Iglezakis I. (2017). The Legal Regulation of Hate Speech on the Internet. In: Synodinou T.-E. et al. (eds): EU Internet Law: Regulation and Enforcement, pp. 367-383, Springer International Publishing AG. https://doi.org/10.1007/978-3-319-64955-9_15

 

Zusatzliteratur:

1 Futurezone (10.04.2019). Registrierungspflicht für Foren-Nutzer kommt 2020. https://futurezone.at/netzpolitik/registrierungspflicht-fuer-foren-nutzer-kommt-2020/400462315. [abgerufen am 18.11.2019]

 

 

 

 

 

1 comment :: Kommentieren

Unzureichende Ausgestaltung von Gesetzestexten

tania christine.theinschnack.uni-linz, 26. Dezember 2019, 03:14

Wie auch aus der Arbeit "Das Spannungsverhältnis zwischen dem Recht auf freie Meinungsäußerung und dem Verbot der Diskriminierung im Internet - eine Beurteilung der Situation anhand des aktuellen Phänomens der Hass-Postings" von Alisa Herzog hervorgeht, ist ein wesentliches Problem in der Verfolgung von Hasspostings darin zu sehen, dass Gesetzestexte nicht nur auf nationaler Ebene unzureichend bzw. zu wenig präzise ausgestaltet sind, sondern auch auf internationaler Ebene. Das Scheitern von bisher erarbeiteten internationalen Bestimmungen und Maßnahmen ist vor allem darauf zurückzuführen, dass hier immer wieder Konflikte mit dem Recht auf freie Meinungsäußerung auftreten und dass es bislang keine einheitliche Definition von Hasspostings/-reden gibt.

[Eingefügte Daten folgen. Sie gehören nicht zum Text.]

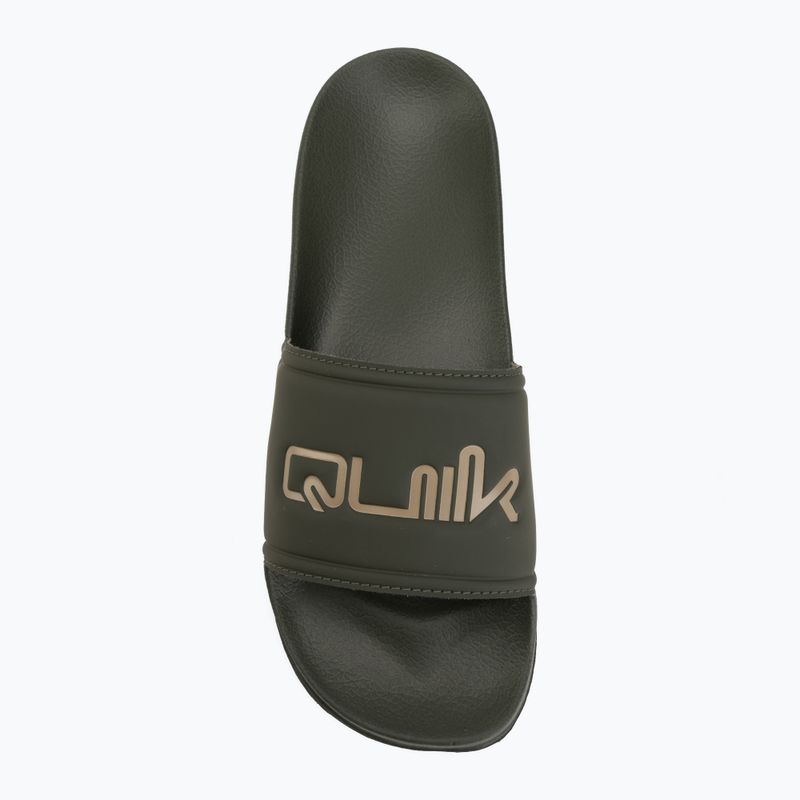 Vyriškos šlepetės Quiksilver Sessions Slide grape leaf 5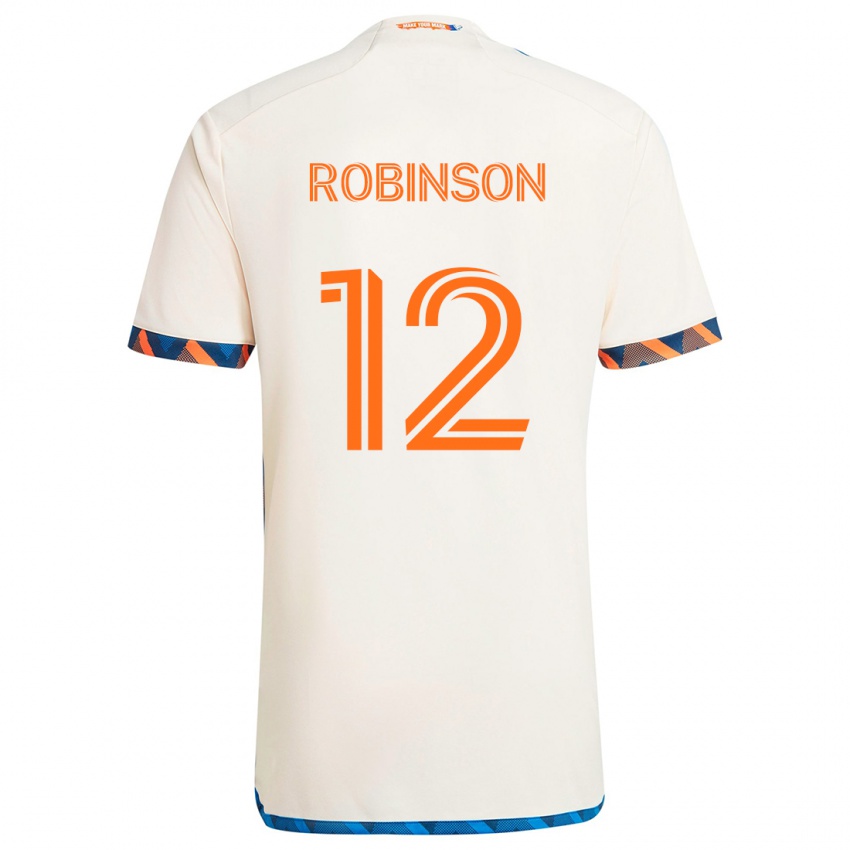 Niño Camiseta Miles Robinson #12 Blanco Naranja 2ª Equipación 2024/25 La Camisa Perú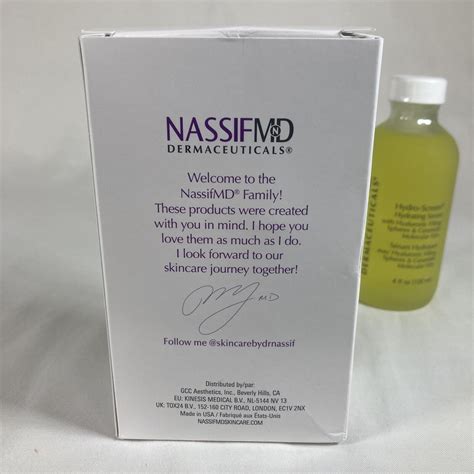 New Nassif Md Hydro-Screen Hydrating Serum 4 fl oz Bottle - Hyaluronic ...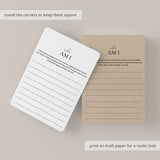 Who Am I Wedding Shower Game Printable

Im Hinblick darauf, dass die mangelnde Durchsetzbarkeit von Straftaten vielen Verfassern von Hasspostings bekannt sein dürfte, sind somit der Einsatz der eID und sonstige Registrierungsverfahren wenig erfolgversprechend. Nach dem Stand der Technik könnten hier jedoch verstärkt Filter eingesetzt werden, um die Veröffentlichung von Hasspostings zu unterbinden bzw. zumindest einzugrenzen.